他の量子ドットディスプレイと同様に、QD-OLEDは青色OLEDを光源として用い、その光を量子ドットに照射することで、フルカラー画像の生成に必要な赤色と緑色の光を生成します。このアプローチは、OLEDの利点(別途バックライトが不要、高コントラスト画像)と量子ドットの利点(フィルター通過時の光損失が少ない、色精度をより直接的に制御できる)を融合させています。

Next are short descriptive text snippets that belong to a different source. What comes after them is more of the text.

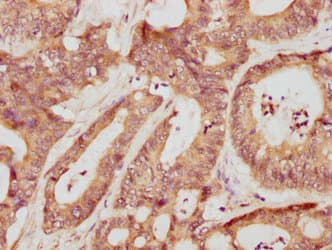MMP3 Antibody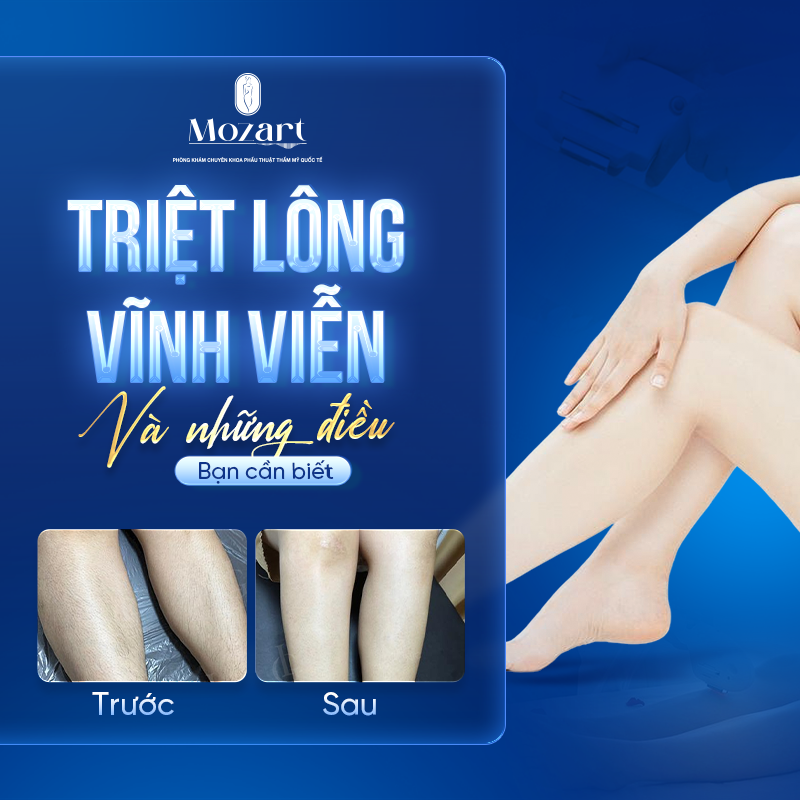triệt lông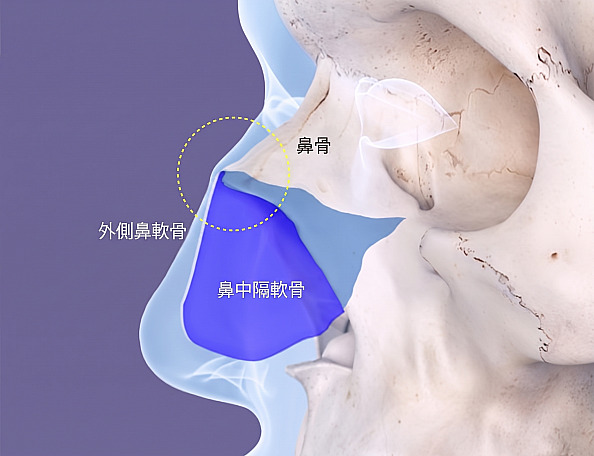 わし鼻整形の鼻の解剖学構造図解で鼻骨、鼻翼軟骨、鼻中隔軟骨の部位が示されたグラフィック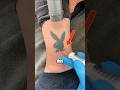 How Laser Tattoo Removal Is Done Hwclinicbrugge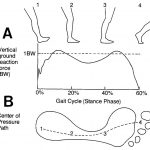 Insoles — A Timely Savior for Plantar Problems
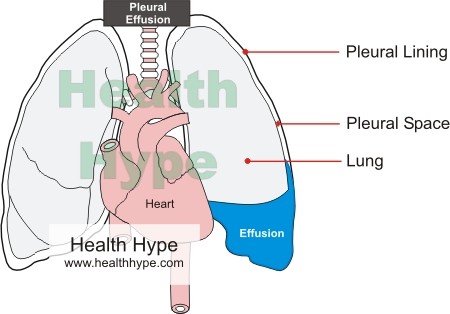 Fluid around the Lung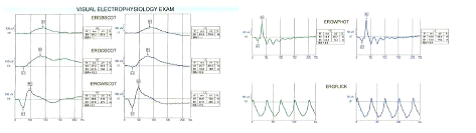 4.6 Χαρακτηριστικά του φυσιολογικού ηλεκτροαμφιβληστροειδογραφήματος Το ERG πλήρους πεδίου είναι η πιο συχνά χρησιμοποιούμενη μέθοδος ηλεκτροαμφιβληστρογραφήματος.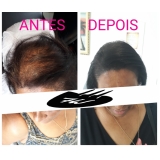 valor de micropigmentação cabelo masculino Jardim São Paulo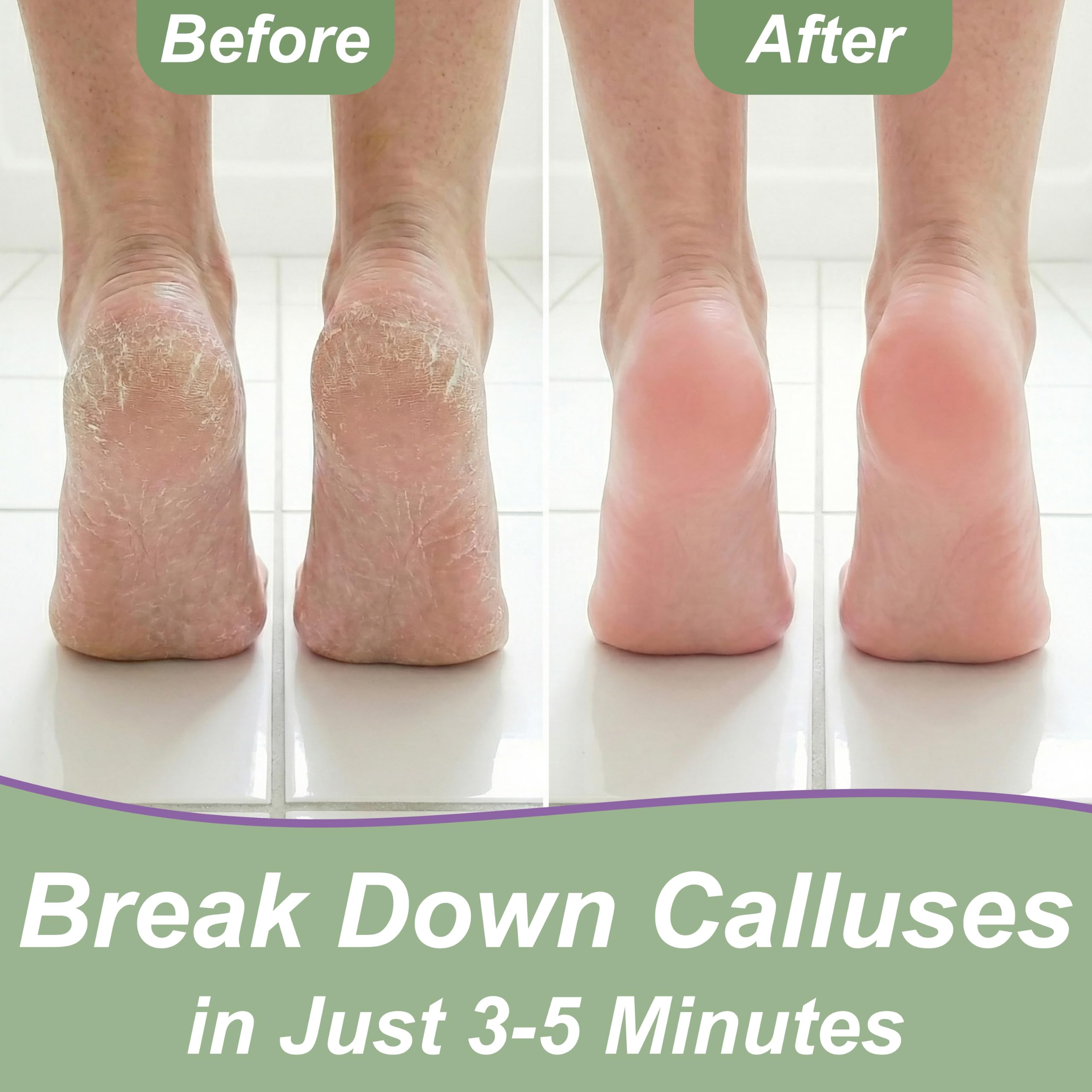 Callus Remover for Smooth Feet -4 Callus Remover for Smooth Feet -4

QD-OLEDを採用した最近のディスプレイは、WIREDでこれまでテストしてきた中でも最も美しいパネルの一つです。例えば、Samsung S95C(8/10、WIRED推奨)は、完璧な黒レベル、鮮やかな色彩、そして広い視野角で、WIREDシニアエディターのパーカー・ホールを圧倒しました。
WOLEDも同様の技術で、明るさの向上を目指していますが、白色OLED層も備えています。これは、新型C4(9/10、WIRED推奨)などのLGのハイエンドモデルに採用されており、ピーク輝度は1000nitsをはるかに超えています。
QD-OLED パネルと WOLED パネルは比較的新しいため、今のところそれらを採用したディスプレイは高価になる傾向がありますが、それらを採用していないモニターでこれより高画質のものを見つけるのは難しいでしょう。